Pet Care and Self Care

Pet care and self-care are linked. When you take a dog out for a walk, people talk to you and that may be the only social contact an isolated person has for the entire day. If you have a cat, you can have a conversation standing in the cat food aisle in the supermarket, deciding which brand to buy. When pet owners leave the house to buy pet food, they’re more likely to buy food for themselves and when they feed their pet, they’ll sit down to eat too. People with disabilities often find that able-bodied people are socially awkward with them; if they have a dog it breaks down barriers and allows a more comfortable and natural interaction.

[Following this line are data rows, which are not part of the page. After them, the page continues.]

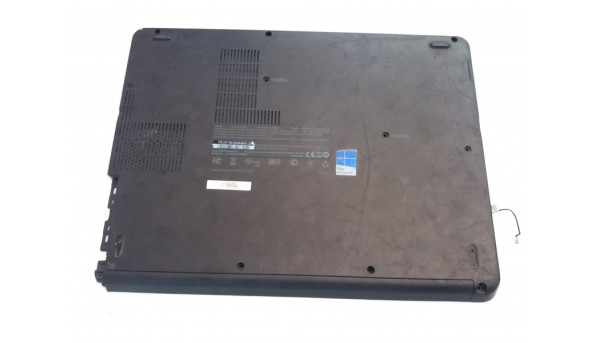 Нижня частина корпуса для ноутбука Lenovo ThinkPad S230u, AM0RP000120, Б/В, всі кріплення цілі, подряпини, потертості.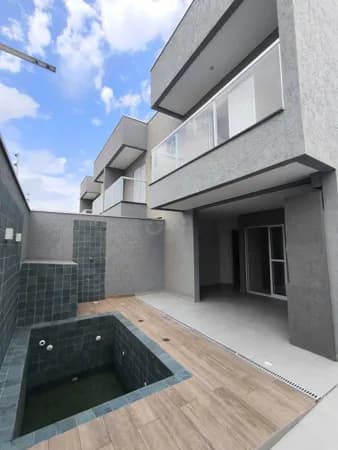 Sobrado em condomínio com 03 dormitórios com entrada de garagem rua lateral à venda em Itanhaém/SP.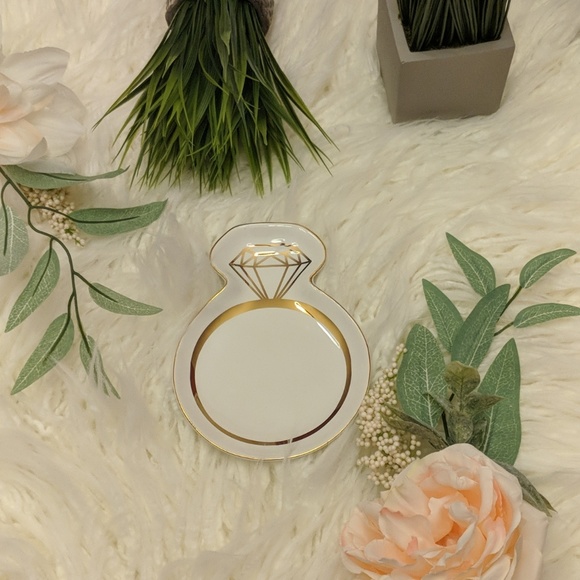 Jewelry - Engagement Ring Dish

Practicing self-care produces happy hormones in your brain which will uplift your mood, sharpen focus and increase your motivation for the next 24 hours. With just these 2 pieces of information it is not hard to imagine how much stronger the benefits of our self care routine could be if we were to combine it with time with our dog(s), as animals have an inbuilt drive to practice self-care on a daily basis and they are willing to share their knowledge and energy with us. When we bring our pets into our self care routine it will provide us with the opportunity to learn from them and create strong bonds with them.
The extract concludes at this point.